The Others (2001 film)

The Others

Theatrical release poster
Directed by Alejandro Amenábar
Produced by
Written by Alejandro Amenábar
Starring
Music by Alejandro Amenábar
Cinematography Javier Aguirresarobe
Edited by Nacho Ruiz Capillas
Production
companies
Distributed by
Release date
  • August 10, 2001 (2001-08-10) (US)
  • September 7, 2001 (2001-09-07) (Spain)
  • September 14, 2001 (2001-09-14) (Italy)
  • December 26, 2001 (2001-12-26) (France)
Running time
104 minutes[1]
Country
  • Spain
  • United States
  • France
  • Italy
Language
  • English
  • French
Budget $17 million[2]
Box office $209.9 million[2]

The Others (Spanish: Los Otros) is a 2001 Spanish-American supernatural gothic horror film with elements of psychological horror. It was written, directed, and scored by Alejandro Amenábar. It stars Nicole Kidman and Fionnula Flanagan.

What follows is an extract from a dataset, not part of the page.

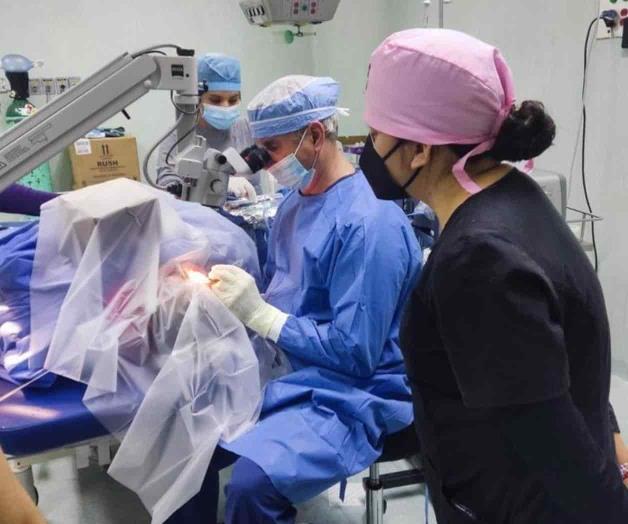 Vuelven visión a 77 pacientes Vuelven visión a 77 pacientes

The film won eight Goya Awards, including awards for Best Film and Best Director. This was the first English-language film ever to receive the Best Film Award at the Goyas (Spain's national film awards), without a single word of Spanish spoken in it. The Others was nominated for six Saturn Awards including Best Director and Best Writing for Amenábar and Best Performance by a Younger Actor for Alakina Mann,[3] and won three: Best Horror Film, Best Actress for Kidman and Best Supporting Actress for Fionnula Flanagan. Kidman was also nominated for a Golden Globe Award for Best Actress in Drama and a BAFTA Award for Best Actress in a Leading Role, with Amenábar being nominated for a BAFTA Award for Best Original Screenplay, a rare occurrence for a horror film.

Plot

Grace Stewart (Nicole Kidman) is a devout Roman Catholic mother who lives with her two young children in a remote country house in the British Crown Dependency of Jersey, The Channel Islands in the immediate aftermath of World War II. The children, Anne (Alakina Mann) and Nicholas (James Bentley), have an uncommon disease, Xeroderma Pigmentosum characterized by photosensitivity, so the curtains are closed and doors are shut to protect them from inadvertent exposure to sunlight. Three new servants arrive at the house the aging Mrs. Bertha Mills (Fionnula Flanagan), elderly gardener Edmund Tuttle (Eric Sykes), and a mute girl named Lydia (Elaine Cassidy). Mills explains that she had previously worked in the house many years ago. Grace claims that her last servants left the house without collecting their last pay check, but Anne mentions discreetly to Mills that after the departure of the last servants, 'mummy went mad'. Her brother Nicholas however fails to agree and argues that 'nothing happened'. Grace explains to Mrs Mills that she does not believe in stories such as ghosts and requests Mrs Mills not to trust everything that the children say to her.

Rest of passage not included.